Lost with no confirmation of NETs origin: Innumerable liver lesions

A few months ago, they detected 2 NETs in my liver. One golf ball size. The follow up scans showed 3. For the last few months, my medical providers have been searching for the original source. The PET scan did not show other areas, although there was a murky area at the stomach wall. I've even referred backed to GI doctor for endoscopy and colonoscopy. Is there anyone out there whose primary NET source WAS the liver? Or is there anyone whose early NET days were like mine? Thanks in advance for the help and have been grateful for this group! Linda

Start of a new journey: Pathology report of liver biopsy indicating metastatic high grade neuroendocrine cell carcinoma. MRI showing innumerable liver lesions.
Still unclear of the origin- GI tract verses pancreas (where masses also found.) First oncologist appointment since new results this week to discuss future/plan.
Any suggestions on what treatment I should look out for or ask about to prepare questions for? Stance on chemo and affects of it on the quality of life since prognosis seems grim.
Thank you!

I, too, have metastatic innumerable liver lesions, as well as in my pelvis, lymph nodes, and shoulder. My primary was a carcinoid tumor wrapped around my small intestine. I have been on Sandostatin, and now Lanreotide to help control the side effects of carcinoid syndrome. I also underwent 4 rounds of PRRT in 2020. This treatment helped stabilize everything, and I haven't had any growth or new lesions/tumors since the treatment.

Every prognosis is different. Do research and advocate, making lists of questions as you go. Take someone with you to your appointments to help you 'listen' and write down important things as it can be an overwhelming experience. And above all else, keep a positive attitude!

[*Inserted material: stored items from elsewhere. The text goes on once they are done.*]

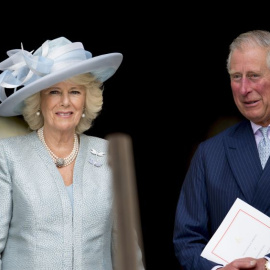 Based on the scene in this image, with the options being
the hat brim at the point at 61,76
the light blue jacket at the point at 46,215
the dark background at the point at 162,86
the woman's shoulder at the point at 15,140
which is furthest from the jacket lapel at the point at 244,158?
the dark background at the point at 162,86

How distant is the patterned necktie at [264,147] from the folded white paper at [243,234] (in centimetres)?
22

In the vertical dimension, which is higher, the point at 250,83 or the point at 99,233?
the point at 250,83

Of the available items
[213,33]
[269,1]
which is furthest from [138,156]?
[269,1]

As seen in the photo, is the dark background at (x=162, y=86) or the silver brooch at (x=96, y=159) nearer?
the silver brooch at (x=96, y=159)

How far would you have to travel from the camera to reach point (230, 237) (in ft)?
8.04

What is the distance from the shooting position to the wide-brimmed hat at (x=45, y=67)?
2.73 m

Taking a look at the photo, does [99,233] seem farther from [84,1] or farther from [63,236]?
[84,1]

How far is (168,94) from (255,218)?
1.86 meters

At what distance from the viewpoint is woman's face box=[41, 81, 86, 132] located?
270 cm

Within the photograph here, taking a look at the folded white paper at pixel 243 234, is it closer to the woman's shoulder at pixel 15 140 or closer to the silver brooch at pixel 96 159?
the silver brooch at pixel 96 159

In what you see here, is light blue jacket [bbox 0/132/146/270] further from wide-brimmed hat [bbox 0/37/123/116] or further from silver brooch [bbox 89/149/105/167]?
wide-brimmed hat [bbox 0/37/123/116]

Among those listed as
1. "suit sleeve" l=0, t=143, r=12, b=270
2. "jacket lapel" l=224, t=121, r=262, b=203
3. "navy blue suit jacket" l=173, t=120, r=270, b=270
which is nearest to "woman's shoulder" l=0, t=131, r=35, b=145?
"suit sleeve" l=0, t=143, r=12, b=270

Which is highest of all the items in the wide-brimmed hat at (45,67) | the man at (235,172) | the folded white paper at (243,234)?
the wide-brimmed hat at (45,67)

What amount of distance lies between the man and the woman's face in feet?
1.59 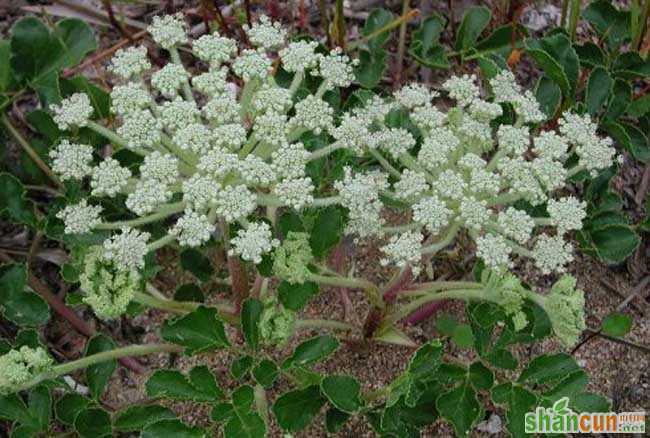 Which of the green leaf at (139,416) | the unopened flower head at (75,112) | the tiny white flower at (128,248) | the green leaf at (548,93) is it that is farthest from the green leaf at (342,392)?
the green leaf at (548,93)

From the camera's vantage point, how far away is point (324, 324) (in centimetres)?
223

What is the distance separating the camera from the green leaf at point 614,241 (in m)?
2.05

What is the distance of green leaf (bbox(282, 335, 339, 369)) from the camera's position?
186 centimetres

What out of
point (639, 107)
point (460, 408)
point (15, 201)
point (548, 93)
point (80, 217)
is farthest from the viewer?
point (639, 107)

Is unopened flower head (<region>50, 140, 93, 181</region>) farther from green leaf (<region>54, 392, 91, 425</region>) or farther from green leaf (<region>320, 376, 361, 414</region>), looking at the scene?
green leaf (<region>320, 376, 361, 414</region>)

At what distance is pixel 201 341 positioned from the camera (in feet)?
6.22

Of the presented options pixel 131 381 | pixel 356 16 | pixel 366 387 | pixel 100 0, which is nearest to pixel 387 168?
pixel 366 387

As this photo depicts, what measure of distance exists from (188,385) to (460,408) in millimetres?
647

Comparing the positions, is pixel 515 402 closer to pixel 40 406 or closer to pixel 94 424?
pixel 94 424

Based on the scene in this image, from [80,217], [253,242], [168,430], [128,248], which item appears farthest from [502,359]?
[80,217]

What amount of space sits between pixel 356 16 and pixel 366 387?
1.43 metres

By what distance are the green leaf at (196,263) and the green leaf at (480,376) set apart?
75cm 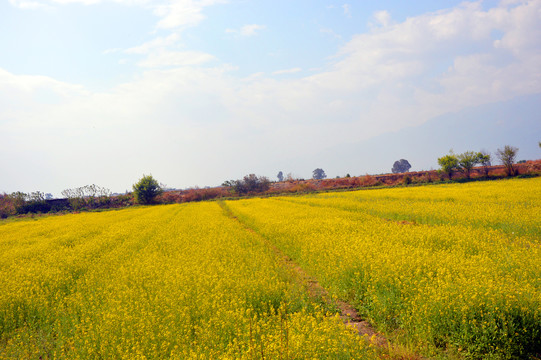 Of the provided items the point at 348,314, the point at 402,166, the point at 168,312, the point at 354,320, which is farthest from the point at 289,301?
the point at 402,166

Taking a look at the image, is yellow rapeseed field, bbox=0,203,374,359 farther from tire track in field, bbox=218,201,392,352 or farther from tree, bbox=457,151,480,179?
tree, bbox=457,151,480,179

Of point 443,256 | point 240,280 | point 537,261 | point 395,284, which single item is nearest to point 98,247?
point 240,280

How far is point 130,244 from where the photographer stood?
12.1 meters

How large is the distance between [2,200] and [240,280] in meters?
67.4

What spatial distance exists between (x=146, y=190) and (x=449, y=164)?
2130 inches

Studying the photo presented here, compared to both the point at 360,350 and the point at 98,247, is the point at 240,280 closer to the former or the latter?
the point at 360,350

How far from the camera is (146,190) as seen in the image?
56.6 m

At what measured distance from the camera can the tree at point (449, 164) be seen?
50.8m

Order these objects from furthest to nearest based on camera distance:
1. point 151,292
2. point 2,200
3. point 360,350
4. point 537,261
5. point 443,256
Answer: point 2,200 → point 443,256 → point 151,292 → point 537,261 → point 360,350

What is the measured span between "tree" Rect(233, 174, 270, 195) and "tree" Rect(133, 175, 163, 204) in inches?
630

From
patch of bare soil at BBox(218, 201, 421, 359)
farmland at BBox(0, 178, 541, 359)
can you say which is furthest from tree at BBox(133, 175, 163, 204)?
patch of bare soil at BBox(218, 201, 421, 359)

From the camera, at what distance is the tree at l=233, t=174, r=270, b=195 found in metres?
64.1

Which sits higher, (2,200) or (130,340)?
(2,200)

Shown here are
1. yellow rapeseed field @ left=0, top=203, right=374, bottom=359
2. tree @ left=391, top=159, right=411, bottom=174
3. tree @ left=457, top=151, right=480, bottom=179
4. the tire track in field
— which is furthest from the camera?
tree @ left=391, top=159, right=411, bottom=174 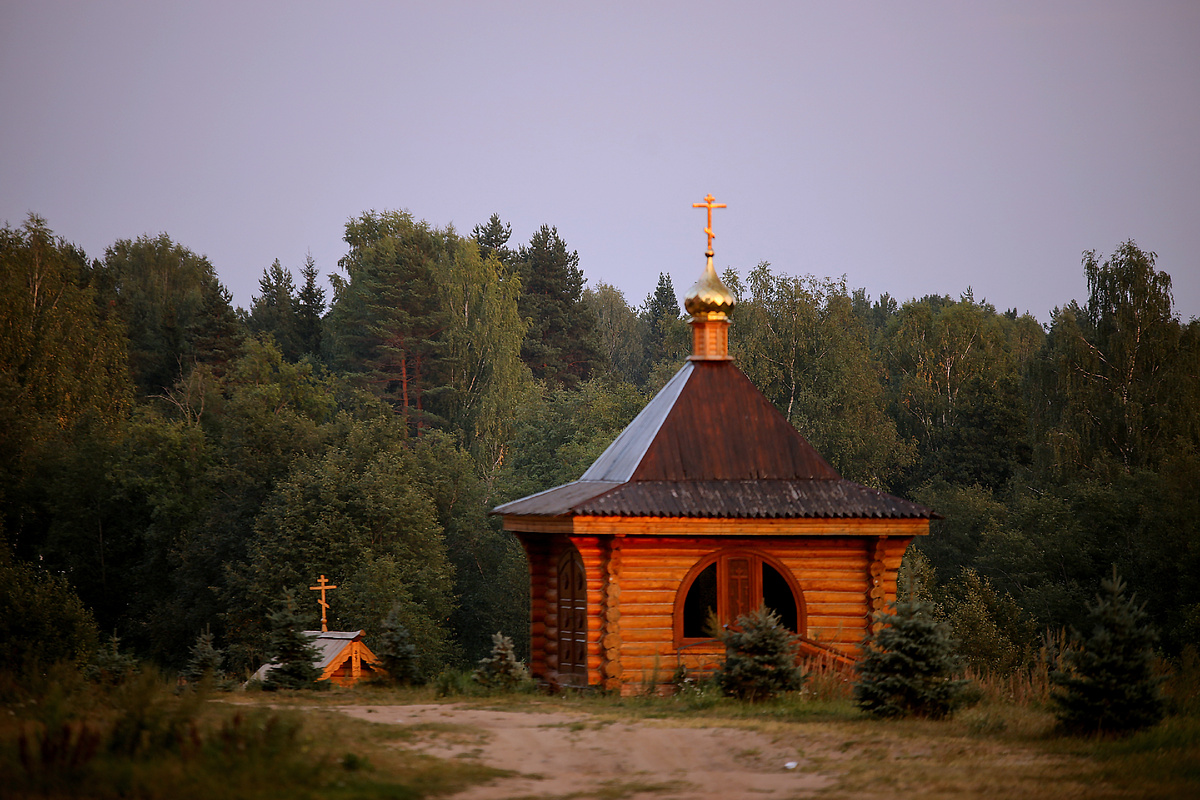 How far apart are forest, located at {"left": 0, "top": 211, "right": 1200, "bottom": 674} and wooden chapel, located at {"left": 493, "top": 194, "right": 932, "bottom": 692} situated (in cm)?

Hugs to you on your journey!

Neuroendocrine tumors can arise from other areas in the body and are treated differently from adenocarcinomas, which are the most common cancers in the pancreas itself. The neuroendocrine tumors make a variety of hormones such as insulin (insulinoma), glucagon (glucagonoma), and so on. I am not great with links, but you could try with copying this into your broswer.
https://www.mayoclinic.org/diseases-conditions/neuroendocrine-tumors/symptoms-causes/syc-20354132

I’m in the same boat. I had no symptoms. It started in my pancreas and spread to my liver. I’ve got over a dozen tumors that are inoperable.
I had a hernia fixed and the surgeon noticed something on my liver and ordered an MRI. He called me and said I’d be dead by thanksgiving and don’t be bothered going to Boston hospital. That was early April 2022.
So the first thing I did when I hung up was call my primary Doctor and got an appointment in a major hospital in Boston. It should be noted that when we found out what was going on my primary ordered a test for cancer and it came back negative.
Hospital 2, I was having a lot of trouble getting my sugar , glucose, under control. Keep dropping very low, in the 40’s, I was in the hospital for the month of June last year. This went on all summer, finally the the doctor told me not to worry liver failure is a painless death, next day I got a call from the hospital and they want me to participate in a end of life study. I told them where to go…
Hospital 3, Dana Farber in Boston. They put me on chemo immediately, my sugar balanced right away and the tumors on my liver started shrinking immediately. I did chemo for 6 months and will be starting a maintenance program next month.
So all I can say is if you don’t like what you hear get a second, third and forth opinion. I think the Dr, in hospital 2 was treating me like I had regular pancreatic cancer and not NET and was clueless. One in 14 million have what we have but from what I’ve read it can be controlled but not cured.
Good luck

@lastround @kellysg thank you for your reply and support!
How did the chemo and others treatments affect you? Side effects? Research is so outdated for this and all I see is a grim prognosis of 3-6 months left with it being metastasized. With so little time- Im worried treatment would affect the quality of life that is currently there. It nice to read all the stories on this forum about getting more time and the positivity.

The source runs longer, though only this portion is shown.